▸ Exercise brief: Write down the listing again exactly as it appears below, without its pictures.

▸ Information shown:
----

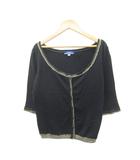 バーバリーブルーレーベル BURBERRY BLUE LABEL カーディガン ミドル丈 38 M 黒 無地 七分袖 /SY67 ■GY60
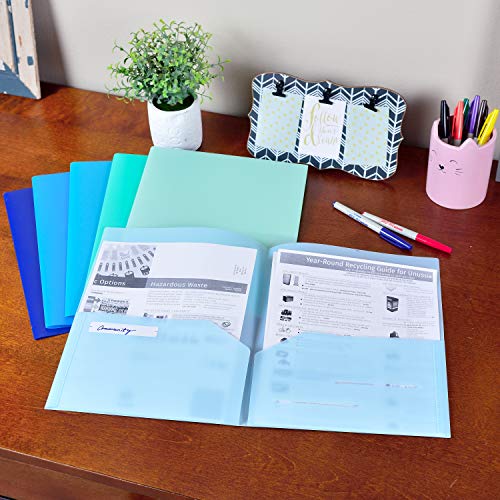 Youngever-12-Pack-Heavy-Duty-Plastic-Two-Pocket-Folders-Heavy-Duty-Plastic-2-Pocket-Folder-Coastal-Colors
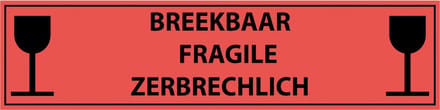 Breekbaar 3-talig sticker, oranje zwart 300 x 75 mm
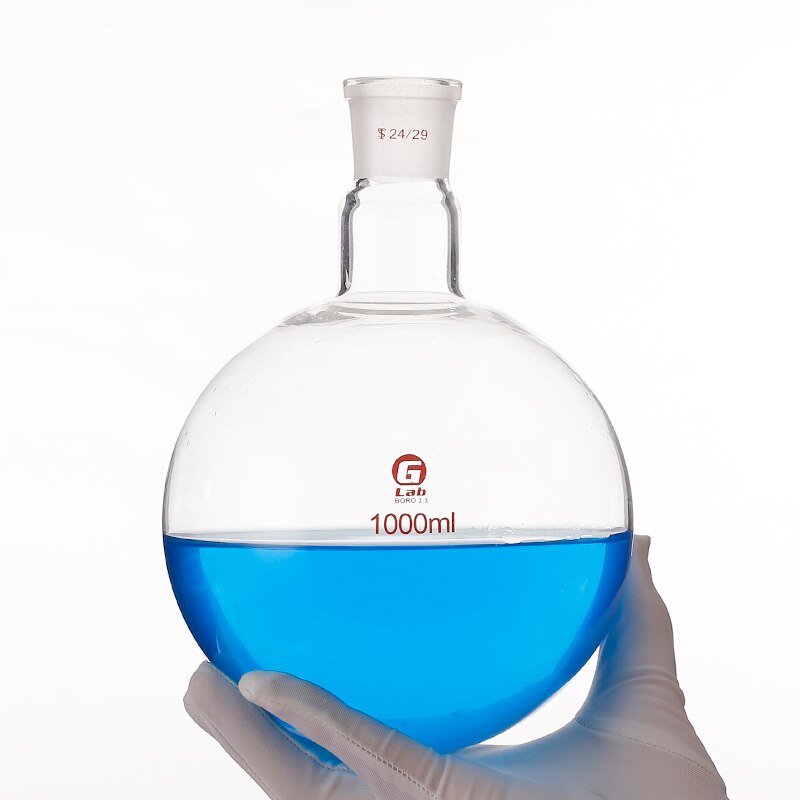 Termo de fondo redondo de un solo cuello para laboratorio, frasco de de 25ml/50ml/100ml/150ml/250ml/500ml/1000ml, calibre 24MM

----

▸ Response below:
 バーバリーブルーレーベル BURBERRY BLUE LABEL カーディガン ミドル丈 38 M 黒 無地 七分袖 /SY67 ■GY60
 Youngever-12-Pack-Heavy-Duty-Plastic-Two-Pocket-Folders-Heavy-Duty-Plastic-2-Pocket-Folder-Coastal-Colors
 Breekbaar 3-talig sticker, oranje zwart 300 x 75 mm
 Termo de fondo redondo de un solo cuello para laboratorio, frasco de de 25ml/50ml/100ml/150ml/250ml/500ml/1000ml, calibre 24MM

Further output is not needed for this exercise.